Insulting Former Kazakh President Nazarbaev Set To Be Decriminalized

A monument to former President Nursultan Nazerbaev lies demolished amid mass protests in Taldykurgan, Kazakhstan, on January 5, 2022.

ASTANA -- Lawmakers in Kazakhstan are poised to scrap an article in the Criminal Code that envisions prosecution for insulting former President Nursultan Nazarbaev as President Qasym-Zhomart Toqaev continues to distance himself from his predecessor.

Kazakh lawmaker Snezhanna Imasheva said on June 1 that Criminal Code Article 373, according to which the public insulting or any other encroachment of the "honor and dignity" of the first president of Kazakhstan, can be punishable by up to five years in prison, will be canceled. The Justice Ministry later confirmed Imasheva's statement.

Toqaev has made a series of moves since January 2022 to push Nazarbaev, who ruled the tightly controlled former Soviet republic with an iron fist for almost three decades, further into the background following his resignation in 2019.

Though he officially stepped down as president, Nazarbaev retained sweeping powers as the head of the country's powerful Security Council. He also enjoyed substantial powers by holding the title of "elbasy."

The announcement on deleting Article 373 comes more than four months after Kazakh lawmakers annulled the Law on the First President -- the Leader of the Nation (Elbasy).

Although the law was canceled, Nazarbaev himself continues to have immunity from prosecution in accordance with the law on presidents.

Even after Nazarbaev's resignation, many Kazakhs remained bitter over the oppression felt during his reign.

Those feelings came to a head in January last year when unprecedented antigovernment nationwide protests were sparked by a fuel price hike.

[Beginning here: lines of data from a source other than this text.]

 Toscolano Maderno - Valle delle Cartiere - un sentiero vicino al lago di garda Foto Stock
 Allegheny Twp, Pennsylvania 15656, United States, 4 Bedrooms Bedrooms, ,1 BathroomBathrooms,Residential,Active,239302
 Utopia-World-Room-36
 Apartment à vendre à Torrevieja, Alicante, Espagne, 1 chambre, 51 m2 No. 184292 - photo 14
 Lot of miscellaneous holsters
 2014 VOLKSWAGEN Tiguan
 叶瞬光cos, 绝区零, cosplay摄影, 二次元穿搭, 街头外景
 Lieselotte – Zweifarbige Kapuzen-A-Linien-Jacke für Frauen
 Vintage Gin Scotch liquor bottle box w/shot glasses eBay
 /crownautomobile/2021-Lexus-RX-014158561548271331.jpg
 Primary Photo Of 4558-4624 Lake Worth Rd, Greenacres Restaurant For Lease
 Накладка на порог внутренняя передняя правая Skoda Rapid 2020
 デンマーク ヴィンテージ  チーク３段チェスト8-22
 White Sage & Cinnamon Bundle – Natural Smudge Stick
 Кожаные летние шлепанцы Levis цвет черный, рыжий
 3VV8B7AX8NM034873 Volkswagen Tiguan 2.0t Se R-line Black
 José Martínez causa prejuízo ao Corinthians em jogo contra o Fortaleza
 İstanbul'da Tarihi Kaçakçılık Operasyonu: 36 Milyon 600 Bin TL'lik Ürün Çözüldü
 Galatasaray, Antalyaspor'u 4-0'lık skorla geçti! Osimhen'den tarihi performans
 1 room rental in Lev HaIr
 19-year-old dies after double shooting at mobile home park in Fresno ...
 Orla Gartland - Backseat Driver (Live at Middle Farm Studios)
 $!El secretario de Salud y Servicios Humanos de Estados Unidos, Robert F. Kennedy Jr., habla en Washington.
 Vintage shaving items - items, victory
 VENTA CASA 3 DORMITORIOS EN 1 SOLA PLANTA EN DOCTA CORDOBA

The demonstrations unexpectedly exploded into deadly countrywide unrest over perceived corruption under the Nazarbaev regime and the cronyism that allowed his family and close friends to enrich themselves while ordinary citizens failed to share in the oil-rich nation's wealth.

Toqaev subsequently stripped Nazarbaev of his Security Council role, taking it over himself. Since then, several of Nazarbaev’s relatives and allies have been pushed out of their positions or resigned. Some have been arrested on corruption charges, of whom some were handed prison terms.